Excerpts from a dataset
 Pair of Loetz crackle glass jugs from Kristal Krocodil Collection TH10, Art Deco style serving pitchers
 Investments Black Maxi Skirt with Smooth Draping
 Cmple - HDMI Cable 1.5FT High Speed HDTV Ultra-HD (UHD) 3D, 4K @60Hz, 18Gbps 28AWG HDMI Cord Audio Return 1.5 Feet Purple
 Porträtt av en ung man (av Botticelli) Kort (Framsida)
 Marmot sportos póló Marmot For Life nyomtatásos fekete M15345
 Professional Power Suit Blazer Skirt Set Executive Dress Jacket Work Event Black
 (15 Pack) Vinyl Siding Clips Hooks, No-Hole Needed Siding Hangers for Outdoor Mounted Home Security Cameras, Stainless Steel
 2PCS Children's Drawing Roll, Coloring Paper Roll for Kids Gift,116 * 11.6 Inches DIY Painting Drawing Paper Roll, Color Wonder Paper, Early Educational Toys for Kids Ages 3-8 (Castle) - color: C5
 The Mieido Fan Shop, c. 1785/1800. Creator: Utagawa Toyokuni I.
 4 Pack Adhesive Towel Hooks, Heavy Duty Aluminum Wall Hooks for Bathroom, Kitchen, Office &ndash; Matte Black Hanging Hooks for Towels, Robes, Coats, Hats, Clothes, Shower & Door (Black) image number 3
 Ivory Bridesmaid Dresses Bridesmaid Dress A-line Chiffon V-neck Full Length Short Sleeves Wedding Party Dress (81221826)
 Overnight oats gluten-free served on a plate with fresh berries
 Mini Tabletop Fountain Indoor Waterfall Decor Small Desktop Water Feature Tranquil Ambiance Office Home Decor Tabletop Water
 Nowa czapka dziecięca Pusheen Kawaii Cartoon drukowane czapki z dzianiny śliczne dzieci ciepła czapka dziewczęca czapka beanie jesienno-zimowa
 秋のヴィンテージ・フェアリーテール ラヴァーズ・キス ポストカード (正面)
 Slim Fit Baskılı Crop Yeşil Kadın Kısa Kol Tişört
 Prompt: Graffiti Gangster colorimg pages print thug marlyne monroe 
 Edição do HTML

# AIM OF THE TASK
Whenever a line of the data includes the word "Dress", show that line in full.

# TASK RESPONSE
 Professional Power Suit Blazer Skirt Set Executive Dress Jacket Work Event Black
 Ivory Bridesmaid Dresses Bridesmaid Dress A-line Chiffon V-neck Full Length Short Sleeves Wedding Party Dress (81221826)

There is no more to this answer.